By Heidi Stevens
Chicago Tribune
WWR Article Summary (tl;dr) A female “Doctor Who”, actually Dr. Jane Hu from Seattle who has been quietly living among us for years gives her take on the recent backlash to the announcement that a woman will be heading the sci-fi-fi series “Doctor Who.”
Chicago Tribune
When the BBC announced Jodie Whittaker as the next Doctor, some hardcore fans didn’t take kindly to a lady headlining their beloved sci-fi series, “Doctor Who.” (Political correctness gone mad. It’s Doctor Who, not Nurse Who. You know the drill.)
But it turns out a female Doctor Who, Dr. Hu, actually, has been quietly living among us for years.
Jane Hu is a Seattle-based science journalist who writes on such topics as training quantum computers to recognize trees and the use of gene-editing techniques to try to restore extinct species to the Earth.
Recently, a woman describing herself as Dr. Krista Murchison, who has a doctorate and is a lecturer in medieval English literature, weighed in on the “Doctor Who” backlash on Twitter. “OK,” she tweeted, “but based on experience everyone is going to start accidentally calling the show Miss Who.”
I had to track her down.
She’s 30 years old, and she grew up in Louisville, Ky. She earned her doctorate in developmental psychology in 2014 from the University of California at Berkeley and moved to Seattle about three years ago.
She’s a casual “Doctor Who” fan.
“I’ve seen a few episodes,” she told me. “But I’ve been meaning to get more into it.”
Still, she followed the crescendo of criticism after the BBC’s announcement. (And how could you not, really? It inspired some comic gold: Samantha Bee’s “Fem Agenda: What To Ruin Next” checklist, for starters.)
“My little corner of the internet was pretty overjoyed by the revelation of a female Doctor, and the female Ghostbusters reboot,” Hu said. “As far as I can tell, for every fan who disavows a fandom because they can’t stomach the idea of strong female leads, there’s a new fan drawn in by the appeal of seeing strong women on screen.”
Excellent point.
I asked her if she ever corrects people who give her the wrong honorarium. The Miss Hu offenders, if you will.

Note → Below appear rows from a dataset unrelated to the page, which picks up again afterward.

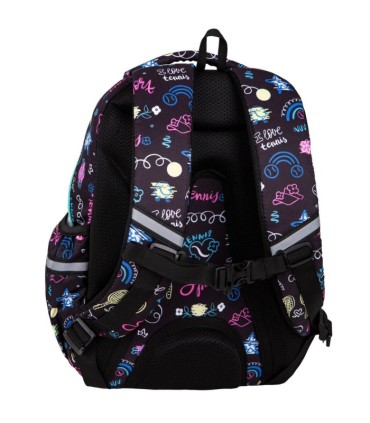 Plecak szkolny 21L Coolpack Jerry TENNIS STAR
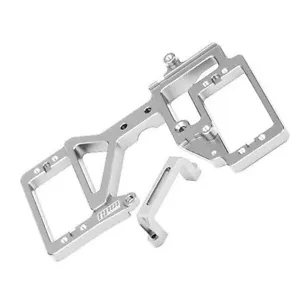 GPM Alum 7075 Alloy Servo Mount Set Silver : PROBOAT 1/6 24'' Jetstream Jet Boat - Picture 1 of 3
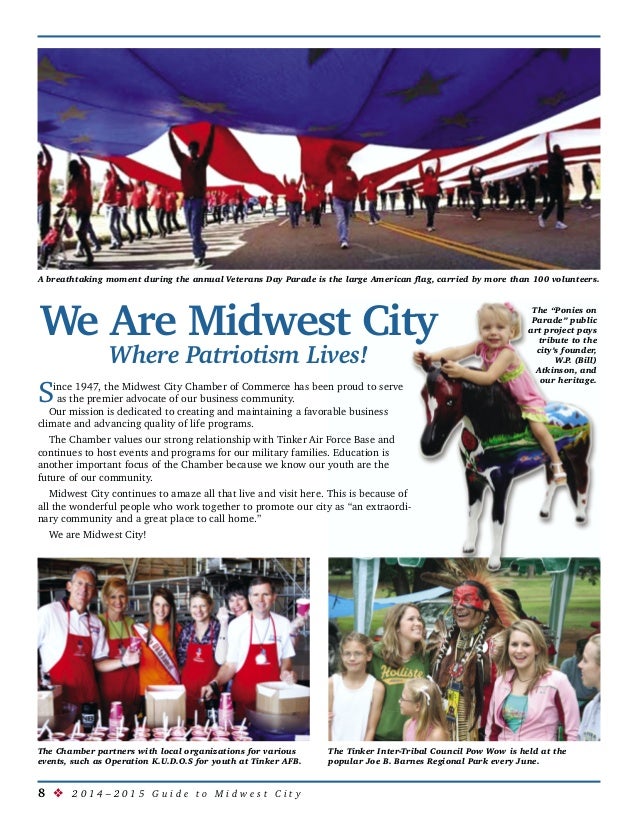 2014 Midwest City Chamber Guide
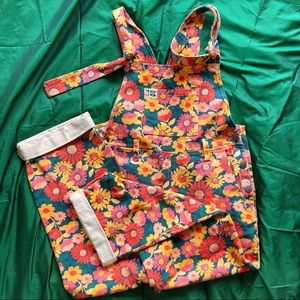 Lucy & Yak Easton Organic Cotton RARE Limited Edition Dungarees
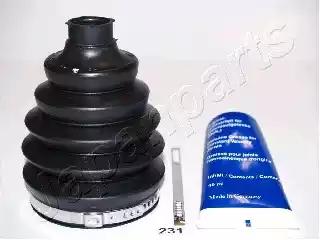 Комплект пилозахисний, приводний вал KB231 JAPAN PARTS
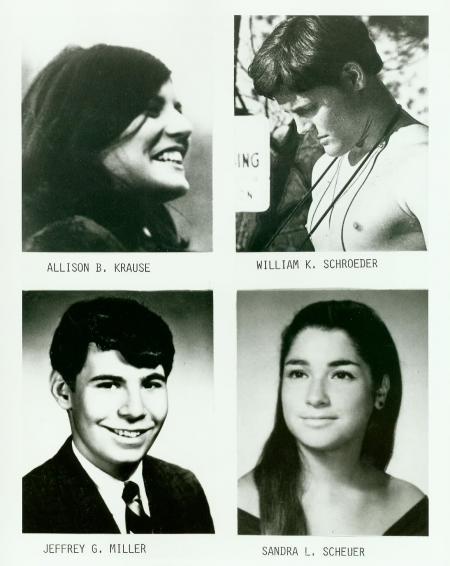 Qui le foto dei quattro studenti uccisi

“I don’t think I ever have,” she said. “Honestly, I don’t see much of an upside to it besides personal satisfaction, and the downside, being perceived as pompous or difficult to work with, far outweighs that.
“Plus, as a science journalist,” she added, “it’s sometimes advantageous for folks to assume I’m less knowledgeable than I actually am; often, they give simpler explanations of scientific concepts, which makes quoting them in my articles way easier.”
When she’s not researching and writing, she likes to backpack around the Northwest and hang with her dog, Maeby. She derives a fair amount of joy from Birdyonce, a parakeet-looking bird that struts to Beyonce.
“With so much negativity on the internet, there’s just something so pure and wholesome about a five-second video of a bird strutting to ‘Crazy In Love,'” Hu said. “What I really want to know is if Queen Bey has seen it, and if so, what she thinks.”
I can’t speak to the fantasy world inhabited by Doctor Who, but I feel unequivocally good about any endeavor helmed by Dr. Hu.